I just posted a reply to this thread:

http://www.excelforum.com/showthread.php?t=1169821

It says there are 2 pages in the thread but I can only get to the first.

If I click on the page 2 icon it simply takes me to the top of page 1.

WTF

Why do we keep coming here?

----------


## Logit

Tony:

Different result here, but I DO feel your pain.

----------


## Richard Buttrey

Hi Tony,

I don't see that behaviour. 
Does it make any difference if you change your settings to see 20 posts per page i.e. there's no need for a 2nd page or do you still not see all the posts?

I originally had 40 but changed it to 10 so that I could get the '2 pages' option and clicking 2 took me to the 2nd page.

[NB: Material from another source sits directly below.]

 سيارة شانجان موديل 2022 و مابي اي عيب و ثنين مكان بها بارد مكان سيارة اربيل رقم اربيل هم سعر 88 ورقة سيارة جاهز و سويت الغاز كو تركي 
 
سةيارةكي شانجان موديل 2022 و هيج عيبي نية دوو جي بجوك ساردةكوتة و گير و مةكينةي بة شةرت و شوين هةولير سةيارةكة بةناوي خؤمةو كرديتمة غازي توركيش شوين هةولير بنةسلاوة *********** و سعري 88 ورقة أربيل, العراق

Perhaps it's a browser issue. I'm using Chrome.

----------


## Pete_UK

H Tony,

There was a glitch some time ago that prevented some users from viewing a new page if there was only one post on it. I presume you have your settings to view 15 posts per page, so your Post #16 will be the first one on the next page. I have just added another post to that thread, so it might be visible to you now anyway, but I have my settings at 40 posts per page, so the bug rarely affects me.





> Why do we keep coming here?



I don't know - it must be something akin to love ...

Pete

----------


## Tony Valko

I had it set to "Use Forum Default" (whatever that is).

I changed it to "Show 40 Posts Per Page".

That has enabled me to see all the posts in the thread.

We'll see how well that works.

Thanks for everyone's input!  :Cool:

----------